**Your assignment:** Your copy should start at the line with "配大衣毛衣裙女内搭秋季2024新款百搭收腰中长款打底针织连衣裙" and end at the line with "mia-naughty webcam" in the data below. Transcribe only those lines, exactly, pictures excluded.

**Task material:**
+ + + +

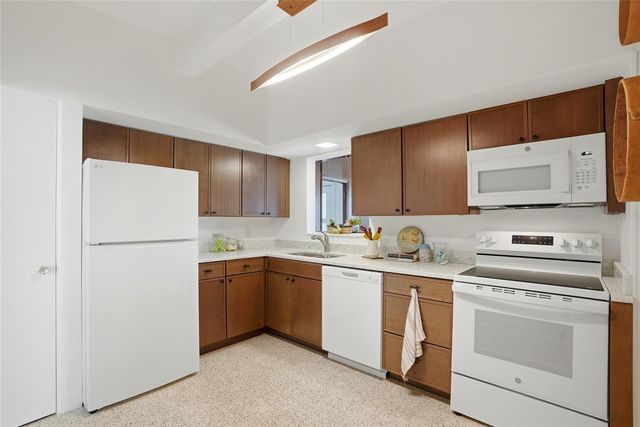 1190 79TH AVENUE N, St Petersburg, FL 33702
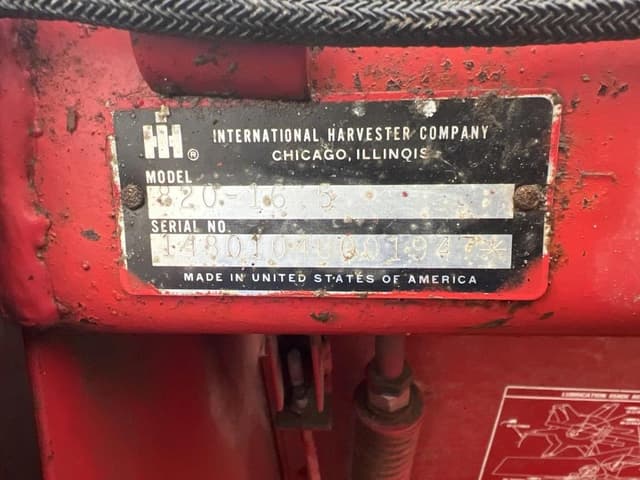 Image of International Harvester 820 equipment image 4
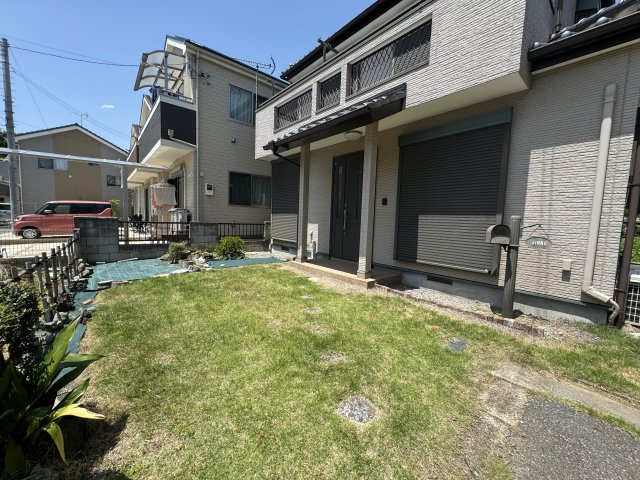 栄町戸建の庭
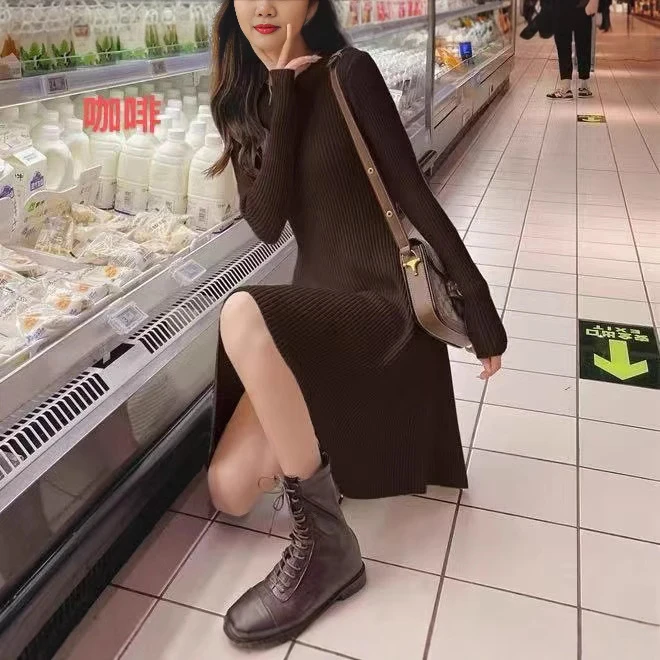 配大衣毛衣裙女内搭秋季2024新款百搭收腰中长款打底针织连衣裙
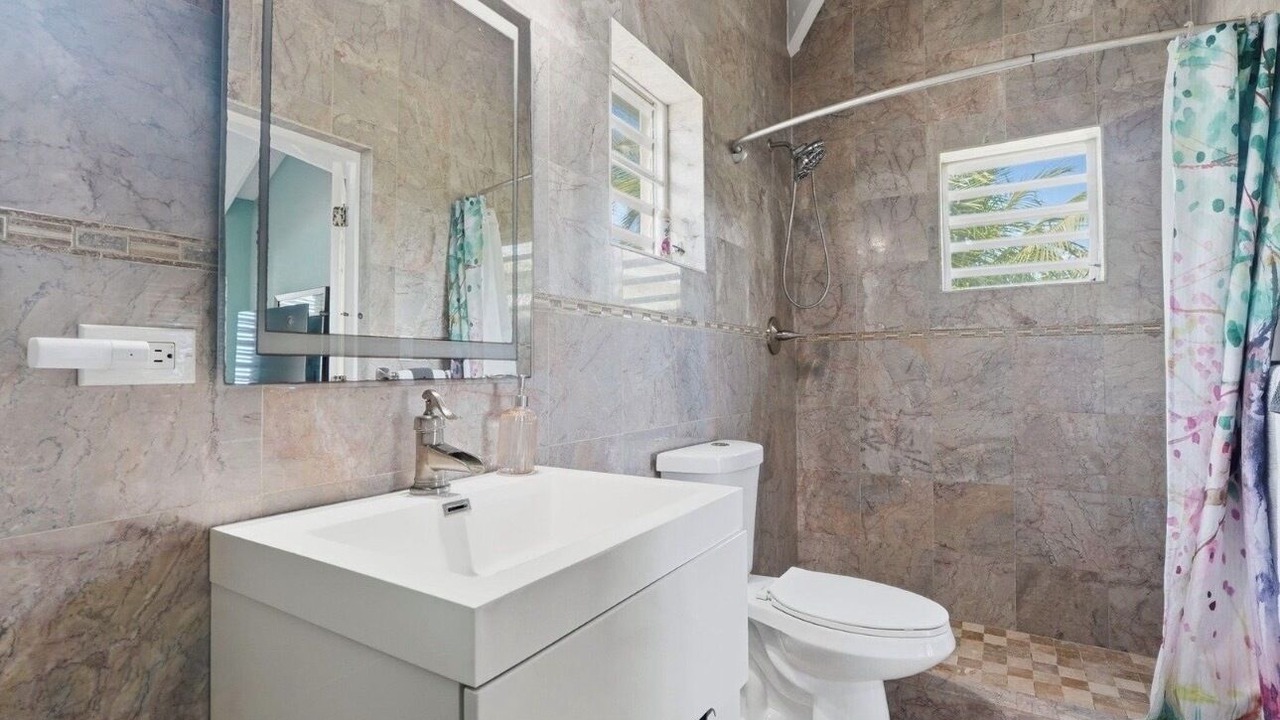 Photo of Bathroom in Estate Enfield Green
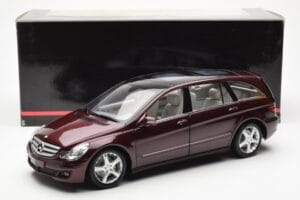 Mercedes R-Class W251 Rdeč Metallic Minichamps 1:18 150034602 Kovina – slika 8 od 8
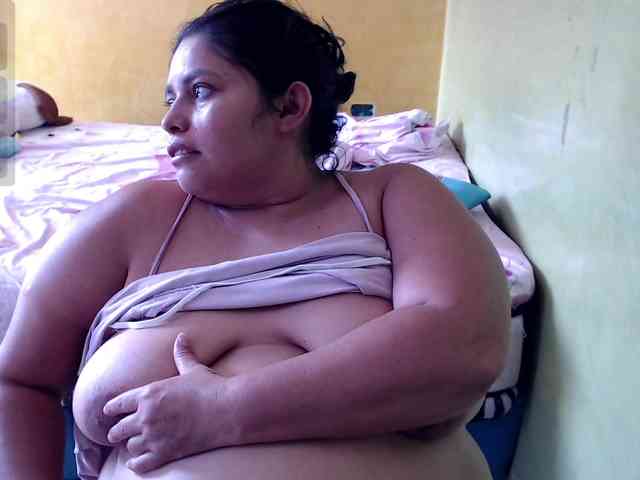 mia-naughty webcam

+ + + +

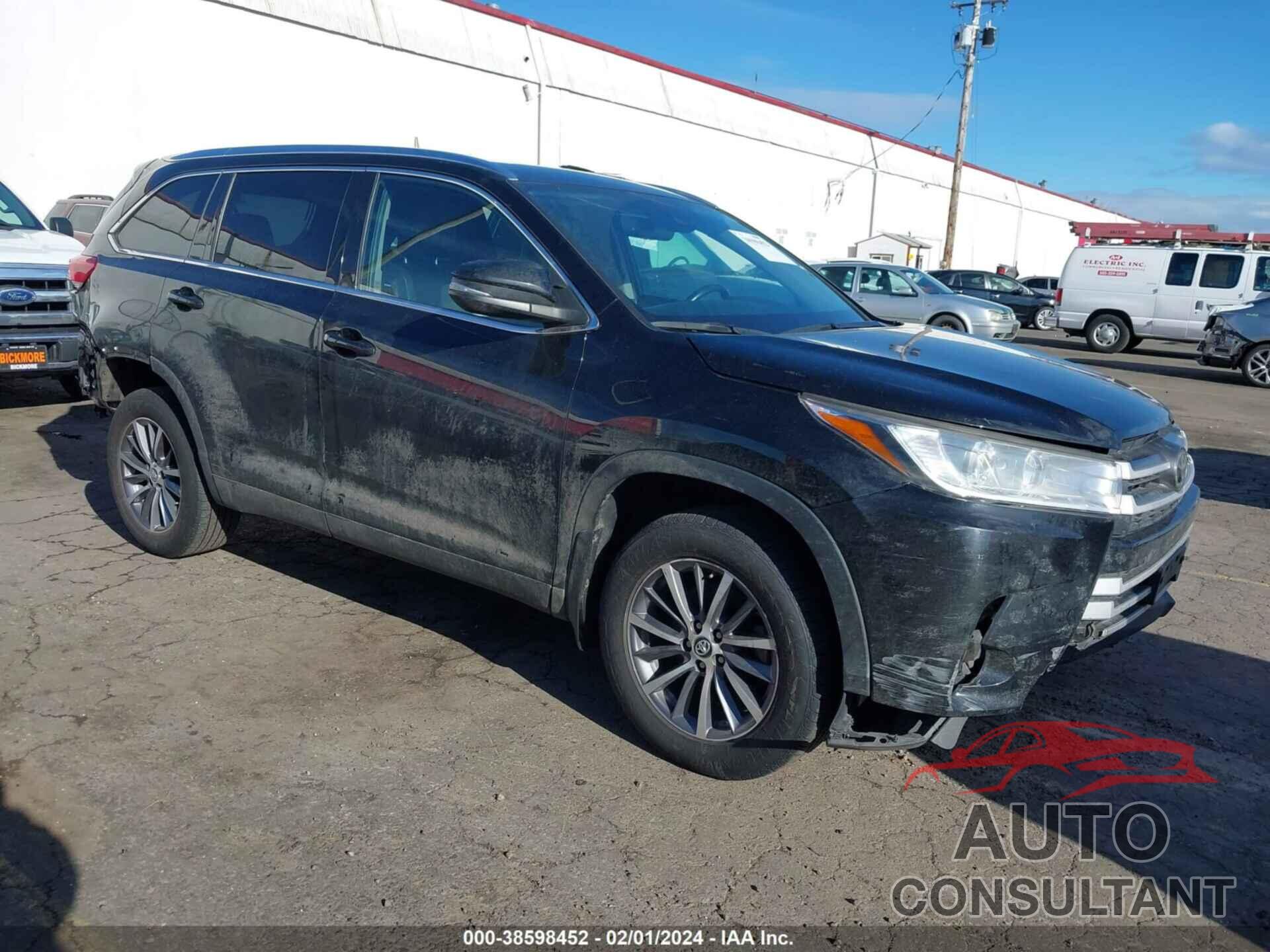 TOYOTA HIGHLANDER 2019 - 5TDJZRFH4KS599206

+ + + +

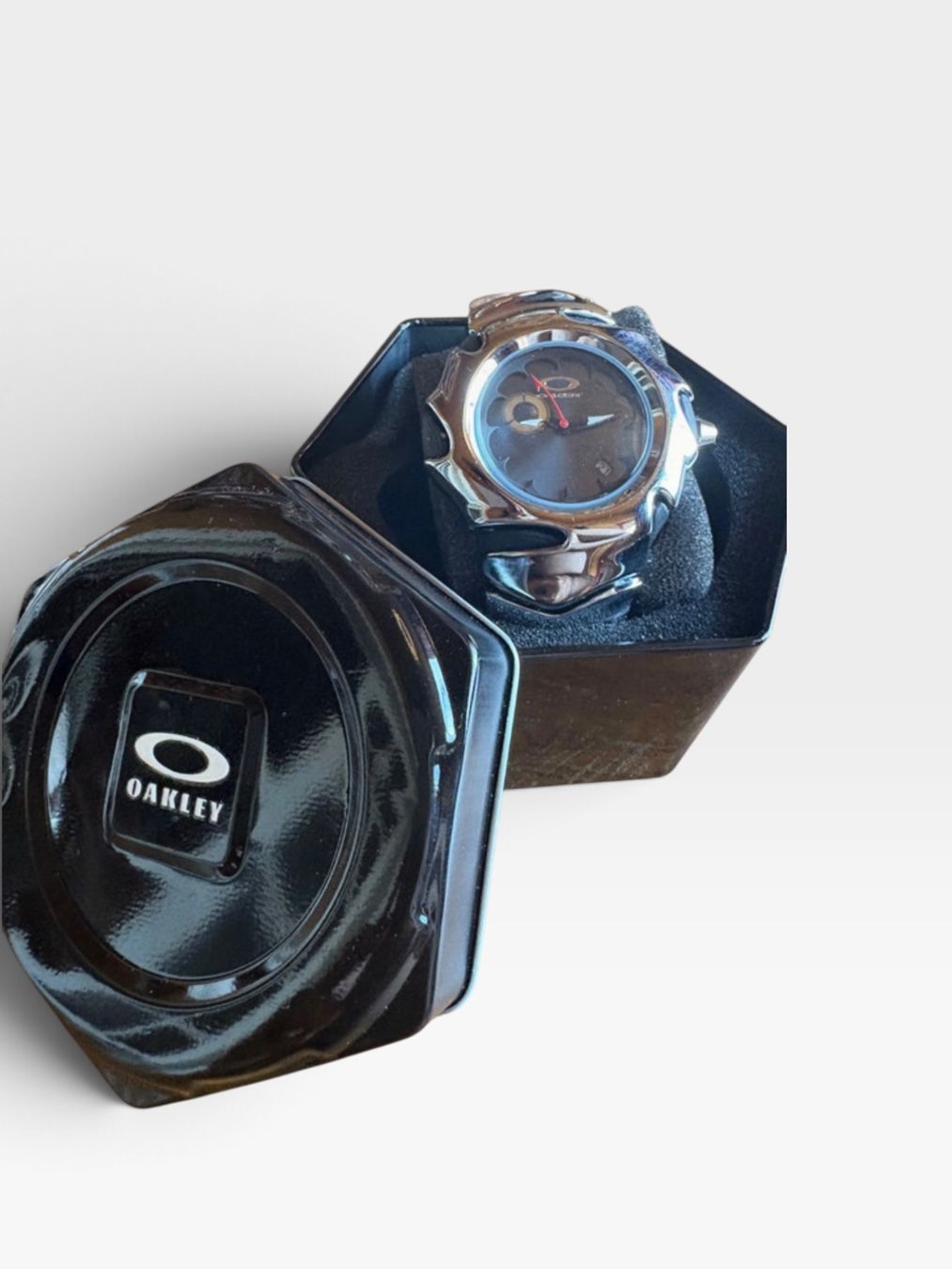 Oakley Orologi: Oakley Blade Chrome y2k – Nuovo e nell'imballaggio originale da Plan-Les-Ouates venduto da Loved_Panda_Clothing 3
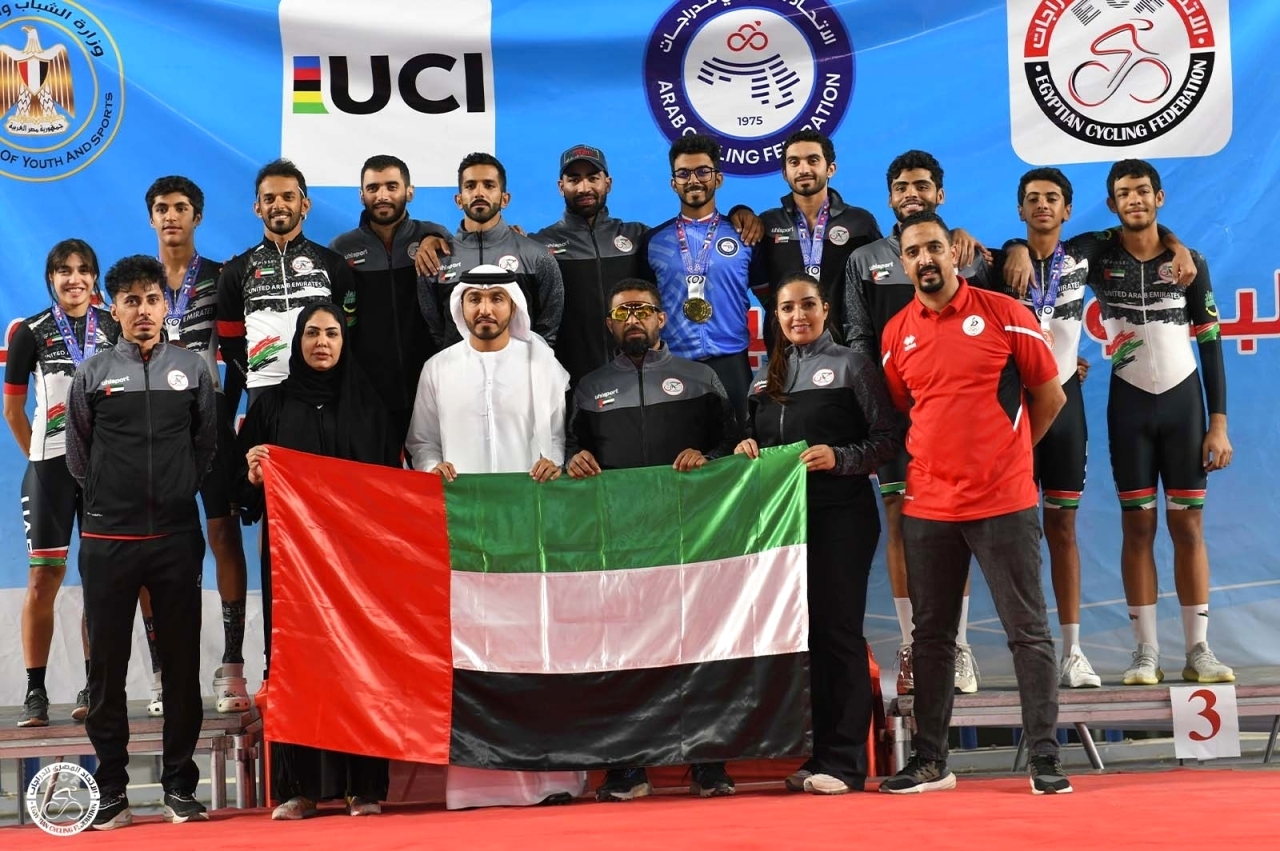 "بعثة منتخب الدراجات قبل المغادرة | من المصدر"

+ + + +

**Written response:**
 配大衣毛衣裙女内搭秋季2024新款百搭收腰中长款打底针织连衣裙
 Photo of Bathroom in Estate Enfield Green
 Mercedes R-Class W251 Rdeč Metallic Minichamps 1:18 150034602 Kovina – slika 8 od 8
 mia-naughty webcam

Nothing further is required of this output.